Citizenship application
[7]
On September 19, 2013, an officer of Citizenship and Immigration Canada interviewed the Applicant and the Applicant passed his citizenship test that same day. However, the officer did not refer the application to a citizenship judge for a decision because of concerns about the possible cessation of the Applicant’s refugee protection. On October 11, 2013, the Applicant’s file was placed “on hold”
(Lezama Cerna v Canada (Citizenship and Immigration), 2019 FC 756 (“Lezama 2019”
) at para 5).
[8]
On November 18, 2014, the Minister formally suspended the processing of the Applicant’s citizenship application pending the RPD’s determination.
[9]
The Applicant challenged the Minister’s suspension of his application, seeking an order of mandamus compelling the Minister to process his citizenship application (“Mandamus Application”
). On May 29, 2019, this Court dismissed that application, finding that the Minister had the authority to suspend the Applicant’s citizenship application pursuant to section 13.1 of the Citizenship Act, RSC 1985, c C-29 (the “Citizenship Act”

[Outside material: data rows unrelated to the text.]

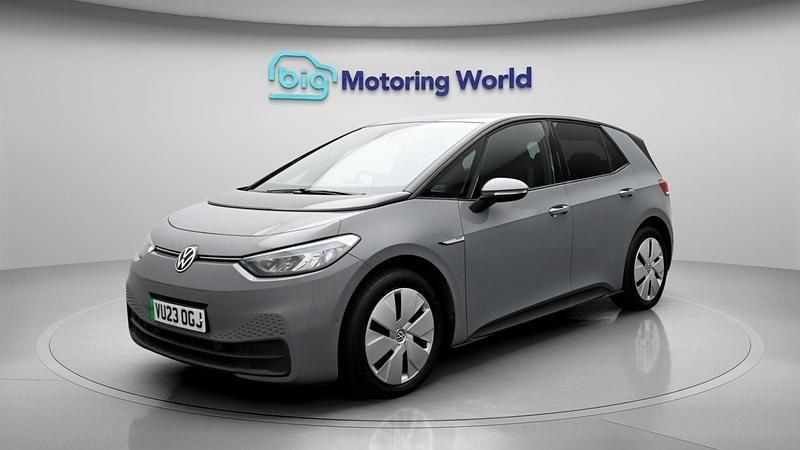 Usado VW ID.3 Pro Performance 147 kW (201 HP) 2023 Cinzento Citadino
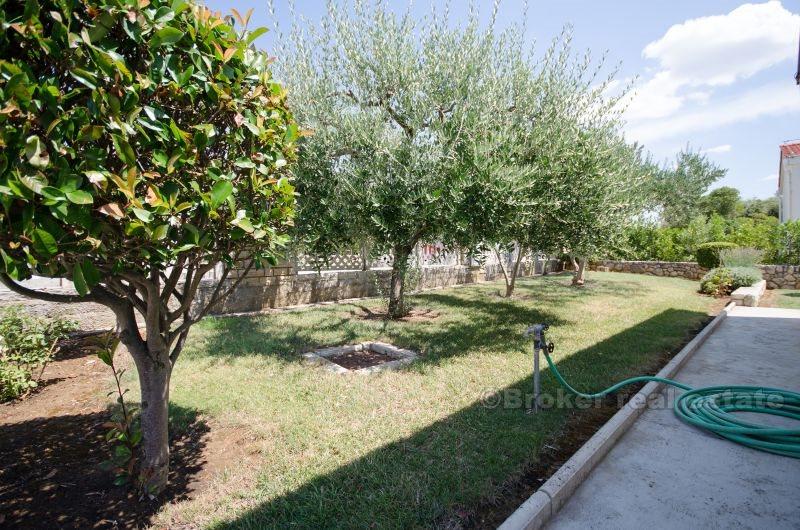 Petrčane, krásný dům na nábřeží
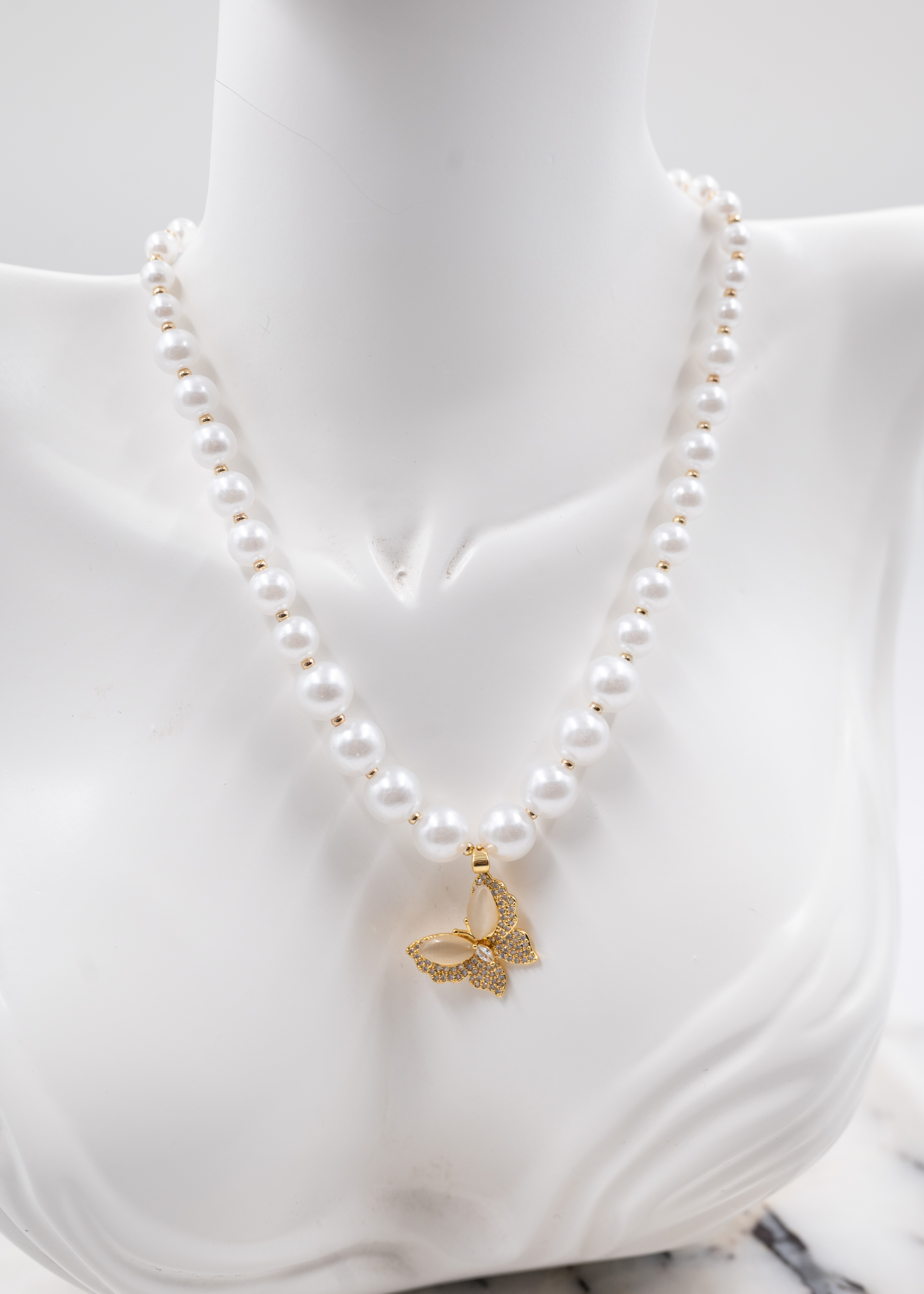 inci kelebek desenli çelik kolye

) (Lezama 2019 at para 19).
C.
Cessation application
[10]
On October 22, 2013, the Minister of Public Safety applied to the RPD for the cessation of the Applicant’s refugee protection under subsection 108(2) of the IRPA. They alleged that the Applicant had returned to Peru on at least seven occasions between February 2010 and August 2013, and that he had renewed his Peruvian passport at the Peruvian consulate in Vancouver on three occasions between August 2009 and May 2013.
[11]
The RPD granted the cessation application on October 2, 2014. The Applicant then challenged that decision on judicial review. On September 15, 2015, this Court allowed the application, quashed the RPD’s decision, and ordered its redetermination (Cerna v Canada (Citizenship and Immigration), 2015 FC 1074).
[12]
Originally scheduled for February 19, 2018, the redetermination hearing was adjourned pending the determination of the Applicant’s Mandamus Application. The RPD held the redetermination hearing on September 19, 2019.
III.
Decision Under Review
[13]
In a decision dated January 21, 2020, the RPD granted the Minister’s cessation application. That decision is the subject of this application for judicial review.
[14]
The RPD received new evidence from the Minister for the redetermination of the cessation application, establishing that the Applicant had returned to Peru an additional six times between July 2015 and June 2019, and that he obtained a new Peruvian passport on August 10, 2017.
[15]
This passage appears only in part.